Stored data entries:
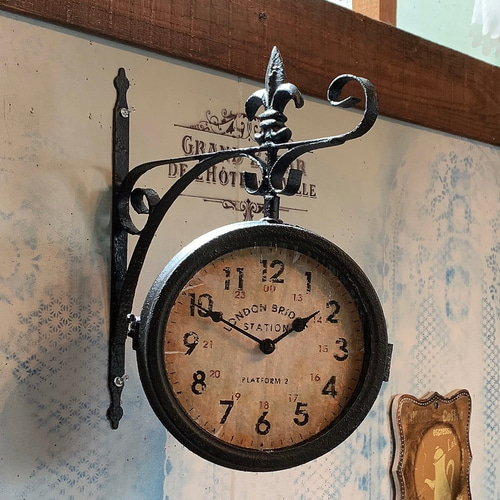 アンティークな部屋/ 両面式 壁掛け時計（回転型） ウォールクロック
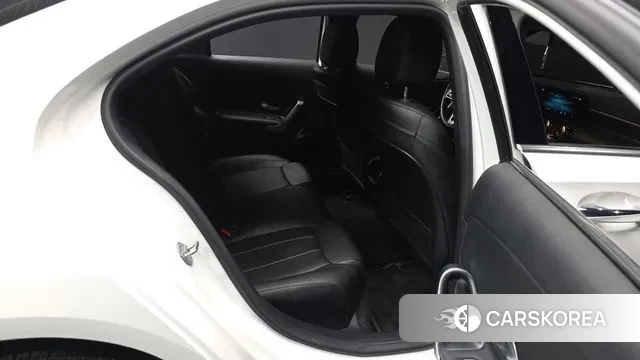 Mercedes-Benz A-Class W177 2021 Белый из Кореи, фото 3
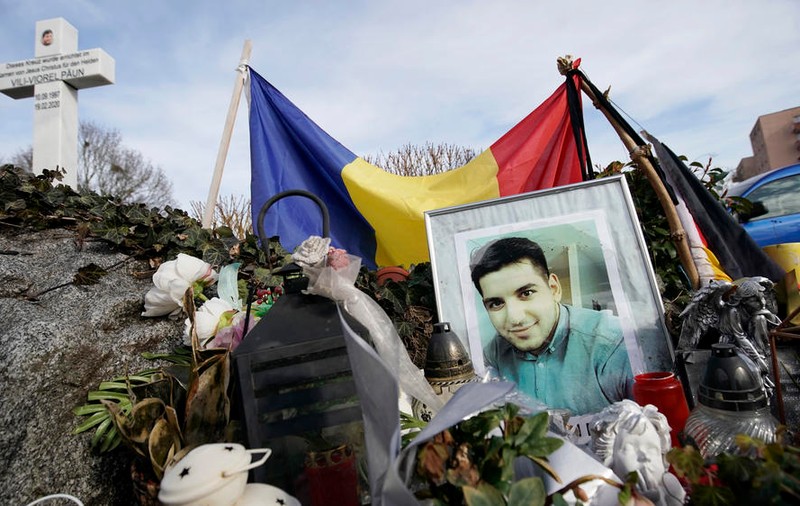 Tatăl lui Vili Viorel Păun, tânărul ucis acum un an în atentatul de la Hanau, acuză polițiștii germani de rasism. „I-am auzit spunând: «Nu cred că un țigan ar fi avut curaj civic»”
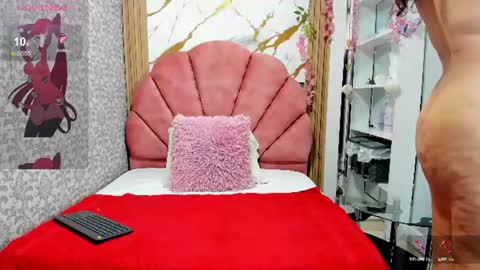 Costume lover online show from June 18, 7:07 pm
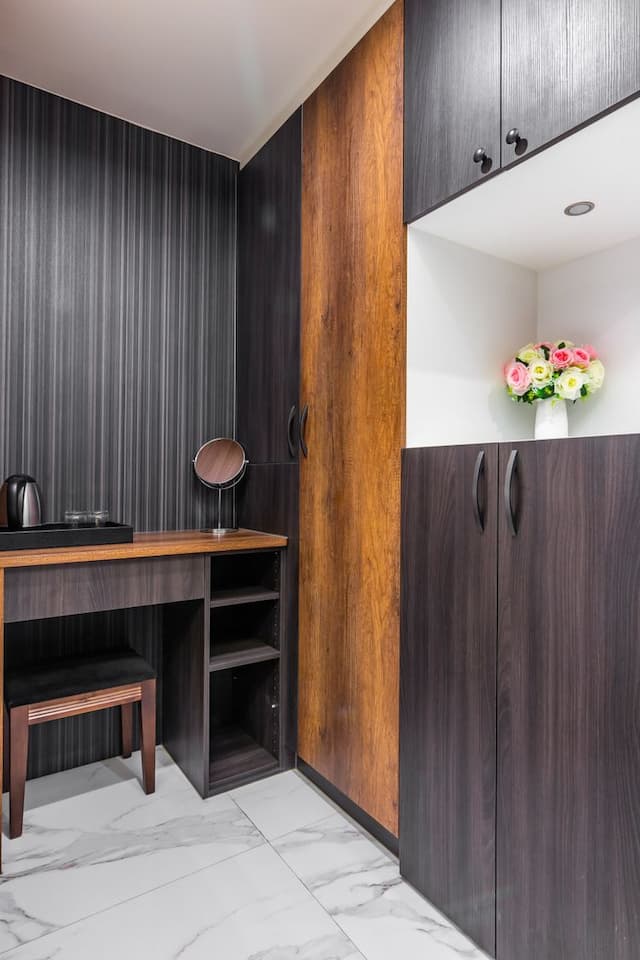 日月潭兒茶宿｜附電梯、地點便利、乾淨舒適-高級雙人房-附浴缸-無窗-303-6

__TASK REQUIREMENTS__
The lines to copy begin with the one containing "Costume lover online" and end with the last line of the entries above; copy them exactly, minus the pictures.

__OUTPUT FOR THIS EXERCISE__
 Costume lover online show from June 18, 7:07 pm
 日月潭兒茶宿｜附電梯、地點便利、乾淨舒適-高級雙人房-附浴缸-無窗-303-6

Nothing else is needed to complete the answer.